We all get a bit hot under the collar in office air-con wars

Nothing splits a room like an air-conditioning unit. Do you prefer your office’s cranked up to full blast, or idling silently on stand-by? Frosted windows, or drooping houseplants? Room temperature is rarely personal — instead, it’s a compromise.

This breeds discontent. Ever since the first modern air-con unit hummed into life in 1902 — but especially in these febrile times — we have argued and argued about how high or low to crank the dial. I’ve often wondered why temperature is taken so personally. It is almost wilfully divisive.

As a child, one of the weirder pastimes I enjoyed was observing a Sisyphean power struggle unfold at the bottom of our staircase. Like parenting’s Newton’s Cradle, mum would sweep past and turn the thermostat down with a swish, only for dad to stomp past minutes later and jack it back up again.

“Cool, with a gentle breeze, please,” was mother’s stated preference. “I don’t like cold. I like gentle loving warmth”, replied dad.

Some things mankind was not meant to know — and foremost among them is how to adjust a thermostat. The tyranny of choice makes us miserable, but why? “There is an oft-cited study published on nature.com that notes how building temperatures, once set to the comfort preferences of Sixties-era men in suits, disregard the “thermal comfort” of female staffers,” wrote the New York Times this week.

And a German academic study, reported on in The Atlantic in May, asserted that “women don’t just prefer warmer office temperatures” but “perform better in them, too”. Given a series of maths and verbal questions, when the room was warmer, women answered more of the questions and got more of them right.

“They probably asked about three people,” is mum’s response. “In the straw poll of 10 women I’ve just asked they all said ‘cool’.”

But why not dig down further? The reason we moan about room temperature is because even our own preferences change throughout the day. The circadian rhythm of our body means we reach maximum temperature early evening, lowest in the early morning.

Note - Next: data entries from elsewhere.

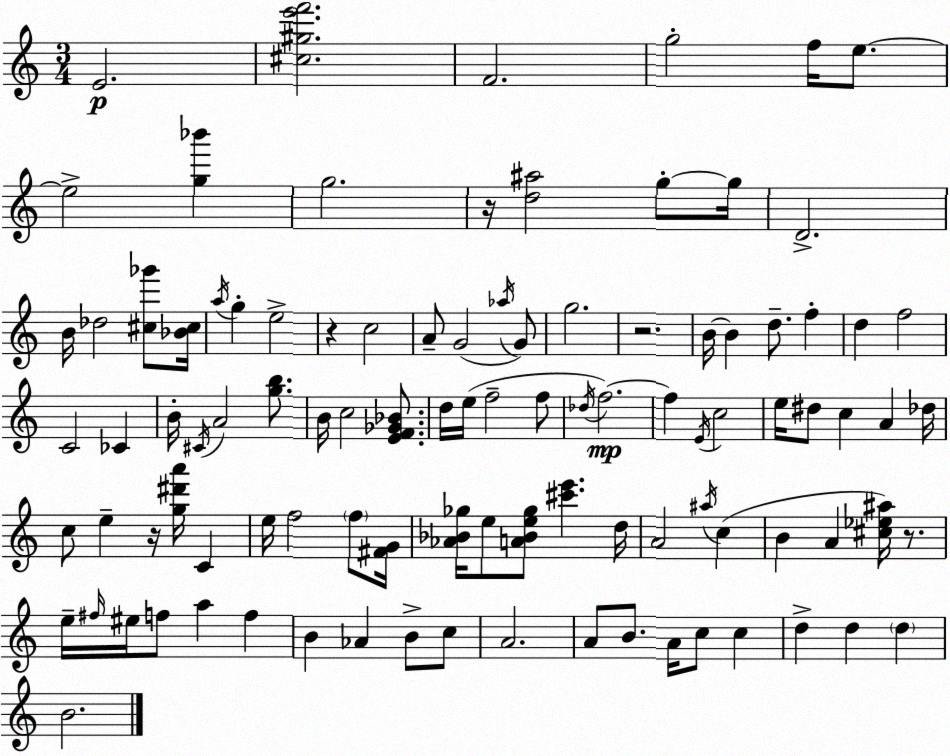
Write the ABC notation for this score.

X:1
T:Untitled
M:3/4
L:1/4
K:Am
E2 [^c^ge'f']2 F2 g2 f/4 e/2 e2 [g_b'] g2 z/4 [d^a]2 g/2 g/4 D2 B/4 _d2 [^c_g']/2 [_B^c]/4 a/4 g e2 z c2 A/2 G2 _a/4 G/2 g2 z2 B/4 B d/2 f d f2 C2 _C B/4 ^C/4 A2 [gb]/2 B/4 c2 [EF_G_B]/2 d/4 e/4 f2 f/2 _d/4 f2 f E/4 c2 e/4 ^d/2 c A _d/4 c/2 e z/4 [g^d'a']/4 C e/4 f2 f/2 [^FG]/4 [_A_B_g]/4 e/2 [A_Be_g]/2 [^c'e'] d/4 A2 ^a/4 c B A [^c_e^a]/4 z/2 e/4 ^f/4 ^e/4 f/2 a f B _A B/2 c/2 A2 A/2 B/2 A/4 c/2 c d d d B2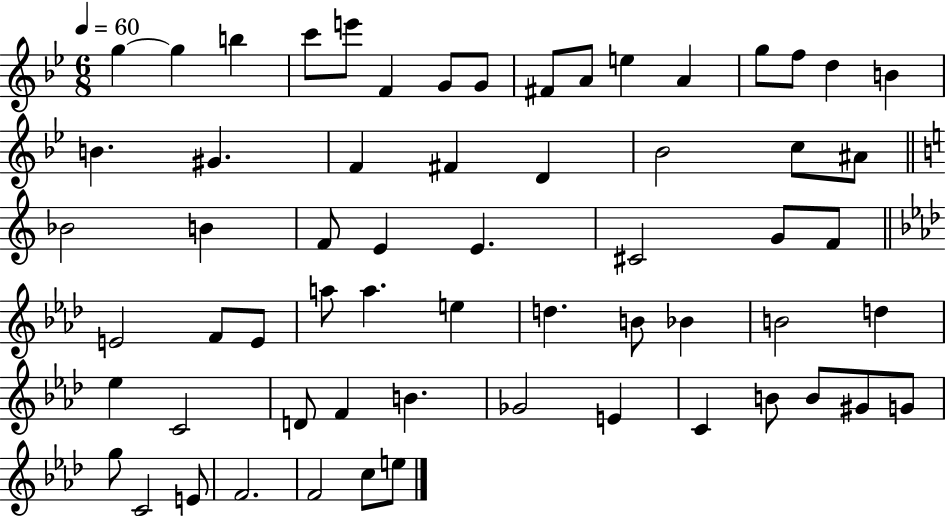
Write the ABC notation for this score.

X:1
T:Untitled
M:6/8
L:1/4
K:Bb
g g b c'/2 e'/2 F G/2 G/2 ^F/2 A/2 e A g/2 f/2 d B B ^G F ^F D _B2 c/2 ^A/2 _B2 B F/2 E E ^C2 G/2 F/2 E2 F/2 E/2 a/2 a e d B/2 _B B2 d _e C2 D/2 F B _G2 E C B/2 B/2 ^G/2 G/2 g/2 C2 E/2 F2 F2 c/2 e/2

The British Medical Journal reported in 2017 that, rather than having a consistent “standard temperature” as taught at medical school, they vary person to person. So we’re all fusspots.

The solution? Increasingly, it’s tech. This January, the Embr Wave was launched, a thermostat-cum-wristwatch that makes the user feel hotter or cooler. A team of scientists at MIT are experimenting with polymers and bacteria in the hope they might “grow wearables” — clothing, for example — with arteries to hold cooled liquids or gas. They can already 3D-print glass structures with “spatial pockets” designed to be filled with such liquid, as well as “biocompatible synthetic skins” for bodies.

Or, you can grin and bear it. After all, only snowflakes melt in the heat.